The prime minister devoted a substantial part of his State of the Nation address to justify the government’s recent tax hikes. And to discredit the “vocal few” who challenged the government’s ill-conceived tax policies. The prime minister:
Much has been said of the fiscal incentives and tax increases in certain areas. It has been alleged that the government is being insensitive to the difficulties that these will cause to our poor and ordinary businesspeople and that they will suffer the most. However, one should not allow oneself to be influenced without seeing the full picture. One needs to be also mindful that such opinions could be planted to influence public opinion in order to protect the interest of those who are in positions of power and influence. As this is a serious matter, I would like to explain it in some detail.

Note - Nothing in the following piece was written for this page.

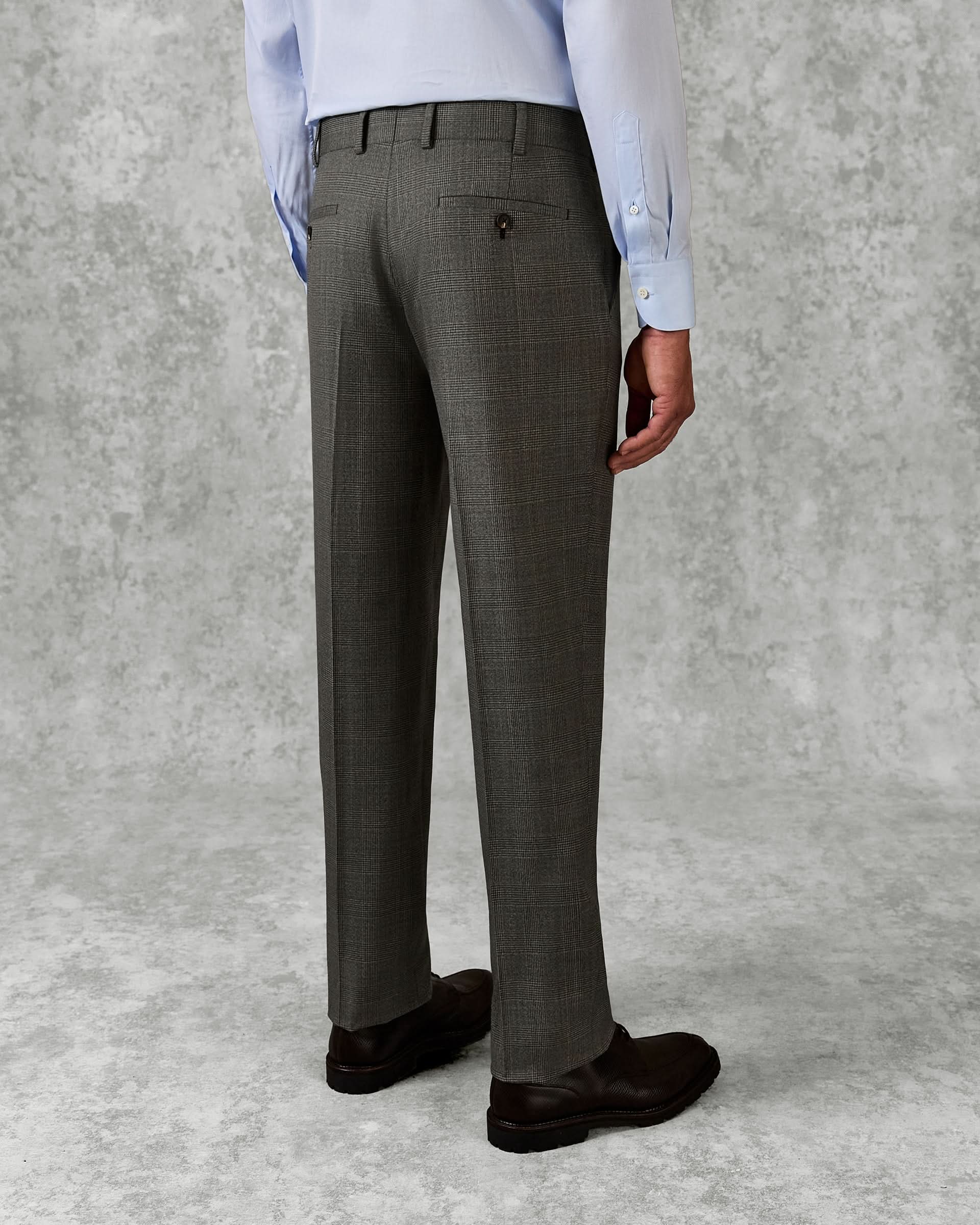 Bushell Wool Suit Trouser Brown Check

And so he explained, in great detail, that we enjoy some of the lowest tax rates in the world; that we must replace external development assistance with internal revenue; that the policies are pro-poor; that the tax hikes are not aimed at generating government revenue; that taxes were being increased for the public good in spite of the political risks; that doing what is popular would be unpatriotic; that the opposition to tax increases benefits the rich and influential; that ministers did not take a pay raise; that increasing taxes will prevent widening economic disparities and social ills; that taxes lead to environment friendly development; that the tax measures would develop a tax paying culture; and, finally, that paying taxes is about democracy.
Indeed, we may need to increase taxes. So taxes, per se, is not what I’m concerned about. Not at this time, at least.
What I am concerned about – and what the public outcry is generally about – is that the government did not follow the law, particularly the Constitution, when it recently revised the tax structure.
The debate is not about if taxes should be revised. It’s about how taxes should be revised.
In order to deflect the debate, the prime minister used the State of the Nation address to explain, at great length, why taxes had to be increased.
But that won’t do. I’ve already reported the matter in the National Assembly. And if the government refuses to review its decision, I may be compelled to report it to the Supreme Court.